CGNAT does have a designated range by spec. 100.64.0.0/10, which covers addresses from 100.64.0.0 to 100.127.255.255. Technically they could be using any other private address space but it would be very uncommon in a modern ISP.
I had used duckdns for a while back in the day. Always worked great.
These days I have a domain at namecheap which provides a DynDNS feature as well so I’m using that.
I used to just use a script with
cronto update Cloudflare DNS records but these days I don’t screw around with exposing anything to the public internet directly, I just use Tailscale.Is there a difference between using Tailscale and Wireguard? I already have a Wireguard setup and want to know what benefits it has over Wireguard.
They’re similar but mainly Tailscale arranges WireGuard tunnels between peers. There are tons of useful features around that functionality like being able to route specific traffic through specific hosts (“nodes” using “app connectors”); it’s even better at finding a way out of hostile networks using relays.
Just as an example I typically use my VPS as an “exit node” so that all my traffic routes through it (which does a ton of tunnel hopping through commercial VPNs) while my wife isn’t into that at all, but both of us have Tailscale on our devices so when either of us accessing Home Assistant it’s routed directly to the host hosting it.
Also MagicDNS is great.
I got my domain through namecheap. So, I just use them, they have a dynamicdns implementation. I setup a namecheapddns docker container that auto updates mine.
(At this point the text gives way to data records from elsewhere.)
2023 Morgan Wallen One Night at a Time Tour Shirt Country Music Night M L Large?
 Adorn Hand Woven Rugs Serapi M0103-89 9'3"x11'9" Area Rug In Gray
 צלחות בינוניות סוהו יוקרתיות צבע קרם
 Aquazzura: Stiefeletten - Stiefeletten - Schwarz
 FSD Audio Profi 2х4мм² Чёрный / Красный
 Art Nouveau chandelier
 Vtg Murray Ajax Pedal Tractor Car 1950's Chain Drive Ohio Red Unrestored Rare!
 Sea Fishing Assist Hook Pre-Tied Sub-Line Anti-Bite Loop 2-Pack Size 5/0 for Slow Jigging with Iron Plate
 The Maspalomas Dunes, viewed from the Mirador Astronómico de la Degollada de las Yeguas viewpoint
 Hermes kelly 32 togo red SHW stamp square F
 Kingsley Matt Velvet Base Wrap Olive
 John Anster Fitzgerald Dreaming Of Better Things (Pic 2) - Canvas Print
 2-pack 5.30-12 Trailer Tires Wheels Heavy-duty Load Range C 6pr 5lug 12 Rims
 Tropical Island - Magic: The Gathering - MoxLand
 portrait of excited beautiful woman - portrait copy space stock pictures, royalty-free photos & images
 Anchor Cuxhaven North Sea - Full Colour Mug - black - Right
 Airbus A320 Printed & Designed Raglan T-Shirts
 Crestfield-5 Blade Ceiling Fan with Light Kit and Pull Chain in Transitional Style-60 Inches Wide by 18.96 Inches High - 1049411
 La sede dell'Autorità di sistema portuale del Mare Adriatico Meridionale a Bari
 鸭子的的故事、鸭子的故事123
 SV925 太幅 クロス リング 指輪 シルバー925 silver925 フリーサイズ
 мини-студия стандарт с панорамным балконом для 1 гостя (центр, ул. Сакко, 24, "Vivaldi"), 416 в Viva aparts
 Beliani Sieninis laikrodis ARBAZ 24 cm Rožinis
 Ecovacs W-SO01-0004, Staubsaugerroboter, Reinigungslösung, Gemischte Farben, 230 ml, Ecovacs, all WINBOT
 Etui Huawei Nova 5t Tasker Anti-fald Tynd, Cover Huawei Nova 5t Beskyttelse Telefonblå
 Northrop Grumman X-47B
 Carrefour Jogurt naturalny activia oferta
Yep same DDClient is super simple to setup with name cheap. Followed ip address changes with very little if any down time. I’ve never noticed between ip changes.
Same! Except I use windows and they have a small app that you can install and run in the background which will update the IP if needed.
I also used duckdns for years before moving to this and I never had any issues using that either. It was the same thing, small app that ran on your machine and you needed the token and it just worked.
I used duckdns for years without any issues at all. Only reason I switched is because I’m using Pangolin and tunneling instead of exposing my IP directly.
I have been using duckdns for a few years without issues. It should be simple enough , just set up a cron job with your details as listed on their site where you configure it. This keeps your dns entry up to date.
NoIP works great for me so far!
I use ddclient on my vps
DuckDNS had been unreliable when I used it, but it’s been a while. I swapped over to desec.io but their signups aren’t always open. Can highly recommend them though, and they offer many paths to update the IP, including DynDNS(2) protocol or just ddclient.
Also works with certbot for Let’s encrypt certificates using dns challenge.
Same. I have a router with OPNsense. In the “Dynamic DNS” section I create a “Custom” service with the DynDNS2 protocol. I type in
update.dedyn.ioas the server address. You need to also get an api key from the desec.io web panel that you input into the username and password fields.Now everytime the router’s WAN ip changes it automatically edits the DNS zone. So instead of going “your server -> DDNS provider -> DNS CNAME record” it’s just “your server -> DNS A record”
I also have a separate token for my web proxy (traefik) so that it can edit the DNS records to get let’s encrypt certificates through dns challenge as you describe.
As for the desec signups in my case one DNS zone was no problem, but for a second one I needed to e-mail them:
Hello, would it be possible for my newly created account to get one more domain on the account please? I have two personal domains and it would be great if I could keep them both under deSEC
Hi [me], Sure! The limit is mostly there to remind users to enable DNSSEC, but it looks like you’re already doing that (at your old provider).
They asked me to (voluntarily) donate, which I did too.